7) Sarah Manning - Dandelion Clock (Posi-Tone)
Sarah Manning is part of the ever-growing population of highly-educated young musicians making a go at the jazz life in New York, armed with years of practice, a few big-name mentors, and lots of ambition. Dandelion Clock, Manning's third release and first on the impressive Posi-Tone label, is evidence of the incredibly high level of musicianship coming out of that scene.
Manning the alto saxophonist and Manning the composer are both on display here. As a saxophonist her sound is striking, robust, and immediate. The melodies she writes for herself are memorable and perfectly suited to her distinct voice on the sax. She's also careful to compose thoughtful accompaniment parts for the rhythm section, effectively turning her quartet into a small post-bop orchestra. On "Crossing, Waiting," for instance, the rhythm section careens back and forth between a steady pedal tone and frantic free-bop, mirroring the contour of the saxophone melody.
Manning's band consists of pianist Art Hirahara, drummer Kyle Struve and bassist Linda Oh, whose excellent 2009 album, Entry, made a lot of jazz critics' best-of-'09 lists. It's quite clear from listening that Dandelion Clock wasn't a one-off recording session by musicians who haven't spent much time together.
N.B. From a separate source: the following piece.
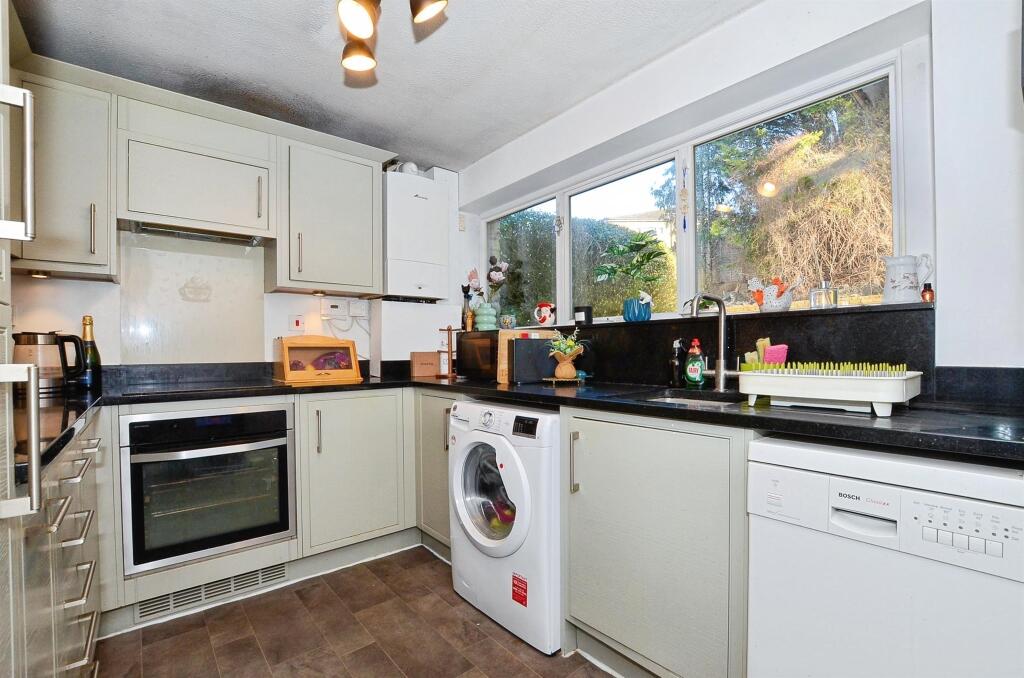 Additional image 13 of St. Martins Close, Harpenden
The lines of communication between band members are fluid and open, the rhythm section often subtly changing feels based on what Hirahara or Manning are playing in their solos.
Critics often decry the current generation's lack of passion or originality; with Dandelion Clock, Sarah Manning and her cohorts have proven that technical facility and book smarts can still lead to interesting, risky, and ultimately enjoyable music.